Induction variable elimination, was: Re: On the x86_64, does one have to zero a vector register before filling it completely ?
- From: Toon Moene <toon at moene dot org>
- To: gcc mailing list <gcc at gcc dot gnu dot org>
- Date: Sun, 29 Nov 2009 15:01:47 +0100
- Subject: Induction variable elimination, was: Re: On the x86_64, does one have to zero a vector register before filling it completely ?

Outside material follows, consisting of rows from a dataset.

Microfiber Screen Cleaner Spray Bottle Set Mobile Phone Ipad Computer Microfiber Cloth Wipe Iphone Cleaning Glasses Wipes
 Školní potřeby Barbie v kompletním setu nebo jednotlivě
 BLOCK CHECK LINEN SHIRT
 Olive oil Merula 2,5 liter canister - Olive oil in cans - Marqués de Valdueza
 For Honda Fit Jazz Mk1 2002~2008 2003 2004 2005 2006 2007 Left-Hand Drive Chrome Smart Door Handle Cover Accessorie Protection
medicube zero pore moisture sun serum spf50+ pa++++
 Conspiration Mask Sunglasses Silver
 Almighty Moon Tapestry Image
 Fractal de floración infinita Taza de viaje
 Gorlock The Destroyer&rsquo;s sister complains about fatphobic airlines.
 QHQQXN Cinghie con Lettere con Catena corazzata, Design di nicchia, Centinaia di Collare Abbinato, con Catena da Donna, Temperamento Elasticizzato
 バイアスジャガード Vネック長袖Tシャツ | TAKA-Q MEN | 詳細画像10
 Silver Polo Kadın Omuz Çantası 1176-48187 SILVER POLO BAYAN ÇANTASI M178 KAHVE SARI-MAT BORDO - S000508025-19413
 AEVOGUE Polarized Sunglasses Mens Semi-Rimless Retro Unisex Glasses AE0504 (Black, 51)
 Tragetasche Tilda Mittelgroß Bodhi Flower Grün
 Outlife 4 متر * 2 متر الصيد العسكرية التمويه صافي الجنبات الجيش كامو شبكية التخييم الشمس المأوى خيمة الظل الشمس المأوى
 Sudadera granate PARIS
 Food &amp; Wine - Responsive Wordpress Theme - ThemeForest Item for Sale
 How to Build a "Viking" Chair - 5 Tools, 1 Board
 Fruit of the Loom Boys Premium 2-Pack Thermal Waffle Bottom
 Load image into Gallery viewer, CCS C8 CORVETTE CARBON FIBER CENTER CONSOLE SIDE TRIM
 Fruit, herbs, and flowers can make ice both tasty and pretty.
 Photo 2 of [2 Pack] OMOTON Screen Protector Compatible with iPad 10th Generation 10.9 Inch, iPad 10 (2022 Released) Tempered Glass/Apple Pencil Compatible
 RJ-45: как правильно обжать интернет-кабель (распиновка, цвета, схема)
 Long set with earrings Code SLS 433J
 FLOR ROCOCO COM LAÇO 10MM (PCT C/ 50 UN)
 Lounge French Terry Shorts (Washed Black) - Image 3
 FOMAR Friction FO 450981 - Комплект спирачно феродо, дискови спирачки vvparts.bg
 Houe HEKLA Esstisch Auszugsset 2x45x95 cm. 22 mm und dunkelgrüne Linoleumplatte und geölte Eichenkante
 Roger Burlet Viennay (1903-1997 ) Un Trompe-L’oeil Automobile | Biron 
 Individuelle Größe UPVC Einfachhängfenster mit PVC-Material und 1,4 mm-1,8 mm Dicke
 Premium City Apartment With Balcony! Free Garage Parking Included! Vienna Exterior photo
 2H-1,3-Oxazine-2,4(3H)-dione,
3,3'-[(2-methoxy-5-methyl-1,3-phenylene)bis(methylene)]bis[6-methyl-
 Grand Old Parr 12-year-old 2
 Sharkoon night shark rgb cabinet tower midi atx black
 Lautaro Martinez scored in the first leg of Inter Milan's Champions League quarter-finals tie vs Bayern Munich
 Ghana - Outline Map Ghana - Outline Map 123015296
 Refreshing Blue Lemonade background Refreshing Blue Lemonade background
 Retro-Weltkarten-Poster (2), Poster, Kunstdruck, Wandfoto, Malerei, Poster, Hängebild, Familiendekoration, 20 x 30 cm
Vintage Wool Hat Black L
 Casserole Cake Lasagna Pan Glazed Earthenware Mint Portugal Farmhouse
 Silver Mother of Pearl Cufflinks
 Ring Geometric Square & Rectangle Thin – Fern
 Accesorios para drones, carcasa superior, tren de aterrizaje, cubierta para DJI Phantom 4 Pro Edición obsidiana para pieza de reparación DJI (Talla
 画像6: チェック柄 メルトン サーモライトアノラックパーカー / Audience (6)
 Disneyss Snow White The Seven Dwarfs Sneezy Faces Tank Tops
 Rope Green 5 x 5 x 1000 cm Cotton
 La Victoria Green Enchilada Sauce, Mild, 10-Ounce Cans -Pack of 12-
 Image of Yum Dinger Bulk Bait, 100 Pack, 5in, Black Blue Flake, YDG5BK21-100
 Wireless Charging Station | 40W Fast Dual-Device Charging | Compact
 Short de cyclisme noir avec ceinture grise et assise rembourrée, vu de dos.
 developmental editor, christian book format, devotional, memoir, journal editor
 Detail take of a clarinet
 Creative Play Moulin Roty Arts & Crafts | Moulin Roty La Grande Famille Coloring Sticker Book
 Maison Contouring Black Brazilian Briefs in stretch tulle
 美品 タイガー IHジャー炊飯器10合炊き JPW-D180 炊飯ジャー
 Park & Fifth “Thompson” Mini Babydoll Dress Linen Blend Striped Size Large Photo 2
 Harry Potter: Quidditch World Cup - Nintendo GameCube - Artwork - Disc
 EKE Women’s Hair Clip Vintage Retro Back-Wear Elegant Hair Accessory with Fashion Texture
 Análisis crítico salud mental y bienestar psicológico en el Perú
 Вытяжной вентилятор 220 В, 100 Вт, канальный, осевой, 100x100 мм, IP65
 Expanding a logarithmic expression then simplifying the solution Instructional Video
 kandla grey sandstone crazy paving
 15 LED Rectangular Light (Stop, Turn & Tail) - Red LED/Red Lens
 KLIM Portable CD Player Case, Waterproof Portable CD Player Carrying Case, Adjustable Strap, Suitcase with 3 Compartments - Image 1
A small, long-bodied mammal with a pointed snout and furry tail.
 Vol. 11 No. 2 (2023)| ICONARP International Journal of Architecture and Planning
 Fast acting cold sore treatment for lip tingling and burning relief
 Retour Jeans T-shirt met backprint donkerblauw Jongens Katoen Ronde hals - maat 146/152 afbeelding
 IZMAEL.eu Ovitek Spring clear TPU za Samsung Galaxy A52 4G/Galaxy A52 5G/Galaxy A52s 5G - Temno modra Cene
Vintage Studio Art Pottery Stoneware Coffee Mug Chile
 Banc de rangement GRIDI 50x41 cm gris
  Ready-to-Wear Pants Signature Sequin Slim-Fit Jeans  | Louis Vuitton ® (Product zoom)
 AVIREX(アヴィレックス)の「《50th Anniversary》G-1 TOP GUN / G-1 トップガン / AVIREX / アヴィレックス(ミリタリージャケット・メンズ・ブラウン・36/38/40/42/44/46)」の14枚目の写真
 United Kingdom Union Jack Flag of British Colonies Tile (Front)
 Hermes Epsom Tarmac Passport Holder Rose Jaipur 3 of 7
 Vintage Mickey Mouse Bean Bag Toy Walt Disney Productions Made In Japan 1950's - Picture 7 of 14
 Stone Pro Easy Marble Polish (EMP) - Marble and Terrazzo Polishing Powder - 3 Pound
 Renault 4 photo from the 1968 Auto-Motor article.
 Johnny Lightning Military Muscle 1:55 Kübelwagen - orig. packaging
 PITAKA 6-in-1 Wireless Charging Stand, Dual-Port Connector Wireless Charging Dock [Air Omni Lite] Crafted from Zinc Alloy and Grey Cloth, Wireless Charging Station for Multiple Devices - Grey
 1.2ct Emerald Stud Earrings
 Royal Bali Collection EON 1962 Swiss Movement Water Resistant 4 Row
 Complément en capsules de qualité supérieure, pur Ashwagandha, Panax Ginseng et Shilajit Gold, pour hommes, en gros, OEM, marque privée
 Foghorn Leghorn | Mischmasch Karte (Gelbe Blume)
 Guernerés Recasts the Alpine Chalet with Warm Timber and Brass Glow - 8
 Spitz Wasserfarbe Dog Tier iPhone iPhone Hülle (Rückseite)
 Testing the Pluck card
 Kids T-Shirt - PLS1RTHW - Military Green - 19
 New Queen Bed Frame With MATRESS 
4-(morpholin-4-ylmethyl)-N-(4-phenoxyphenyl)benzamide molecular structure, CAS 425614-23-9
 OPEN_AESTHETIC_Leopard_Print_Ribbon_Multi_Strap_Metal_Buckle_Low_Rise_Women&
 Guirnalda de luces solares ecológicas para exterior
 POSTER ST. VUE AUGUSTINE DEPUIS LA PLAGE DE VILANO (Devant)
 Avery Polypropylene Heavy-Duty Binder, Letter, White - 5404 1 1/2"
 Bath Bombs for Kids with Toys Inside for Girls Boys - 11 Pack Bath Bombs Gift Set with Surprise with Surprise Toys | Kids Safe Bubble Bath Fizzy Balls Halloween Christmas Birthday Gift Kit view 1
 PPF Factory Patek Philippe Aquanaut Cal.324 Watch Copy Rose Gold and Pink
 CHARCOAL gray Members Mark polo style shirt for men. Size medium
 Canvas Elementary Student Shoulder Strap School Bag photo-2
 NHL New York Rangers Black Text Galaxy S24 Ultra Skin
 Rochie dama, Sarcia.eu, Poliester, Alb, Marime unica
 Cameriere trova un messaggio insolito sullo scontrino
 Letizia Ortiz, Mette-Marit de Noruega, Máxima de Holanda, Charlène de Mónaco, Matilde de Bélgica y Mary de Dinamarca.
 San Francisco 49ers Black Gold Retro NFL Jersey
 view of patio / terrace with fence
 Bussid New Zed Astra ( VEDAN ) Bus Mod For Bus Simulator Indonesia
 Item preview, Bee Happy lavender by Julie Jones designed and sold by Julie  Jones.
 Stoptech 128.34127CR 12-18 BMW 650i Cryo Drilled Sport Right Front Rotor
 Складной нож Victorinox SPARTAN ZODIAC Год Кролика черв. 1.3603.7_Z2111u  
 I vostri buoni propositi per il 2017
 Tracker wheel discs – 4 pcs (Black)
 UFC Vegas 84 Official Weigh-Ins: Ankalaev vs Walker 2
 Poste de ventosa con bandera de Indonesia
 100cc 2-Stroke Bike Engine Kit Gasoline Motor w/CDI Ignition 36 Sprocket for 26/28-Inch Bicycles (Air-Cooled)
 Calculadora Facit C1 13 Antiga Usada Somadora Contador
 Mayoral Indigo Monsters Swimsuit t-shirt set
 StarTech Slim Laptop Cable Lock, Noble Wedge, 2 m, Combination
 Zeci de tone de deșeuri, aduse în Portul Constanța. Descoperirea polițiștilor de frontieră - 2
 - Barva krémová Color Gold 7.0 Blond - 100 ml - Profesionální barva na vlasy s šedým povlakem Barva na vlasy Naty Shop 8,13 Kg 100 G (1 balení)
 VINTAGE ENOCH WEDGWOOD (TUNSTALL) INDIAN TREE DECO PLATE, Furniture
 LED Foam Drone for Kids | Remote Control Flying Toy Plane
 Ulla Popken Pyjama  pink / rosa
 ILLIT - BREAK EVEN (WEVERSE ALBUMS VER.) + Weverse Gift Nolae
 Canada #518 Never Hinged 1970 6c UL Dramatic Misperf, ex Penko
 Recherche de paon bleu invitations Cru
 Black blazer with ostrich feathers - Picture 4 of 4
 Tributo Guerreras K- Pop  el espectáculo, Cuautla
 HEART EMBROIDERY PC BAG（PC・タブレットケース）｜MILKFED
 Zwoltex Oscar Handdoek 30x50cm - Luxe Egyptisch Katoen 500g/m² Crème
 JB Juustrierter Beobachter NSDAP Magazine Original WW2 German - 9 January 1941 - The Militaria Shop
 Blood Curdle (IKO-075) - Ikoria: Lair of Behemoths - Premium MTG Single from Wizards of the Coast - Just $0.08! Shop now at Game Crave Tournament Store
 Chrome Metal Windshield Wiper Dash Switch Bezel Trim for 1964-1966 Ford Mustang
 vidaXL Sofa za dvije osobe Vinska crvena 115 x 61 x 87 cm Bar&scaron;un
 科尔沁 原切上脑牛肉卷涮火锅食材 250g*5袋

- References: <4B1107A6.6010205@moene.org> <4B113B18.5070304@aol.com> <4B11740B.2020702@moene.org> <4B1177E7.3090906@moene.org>
Toon Moene wrote:
I wrote:
OK, so it is an alignment issue (with -mtune=barcelona):
.L6:
movups 0(%rbp,%rax), %xmm0
movups (%rbx,%rax), %xmm1
incl %ecx
addps %xmm1, %xmm0
movaps %xmm0, (%r8,%rax)
addq $16, %rax
cmpl %r10d, %ecx
jb .L6
Once this problem is solved (well, determined how it could be solved),
we go on to the next, the extraneous induction variable %ecx.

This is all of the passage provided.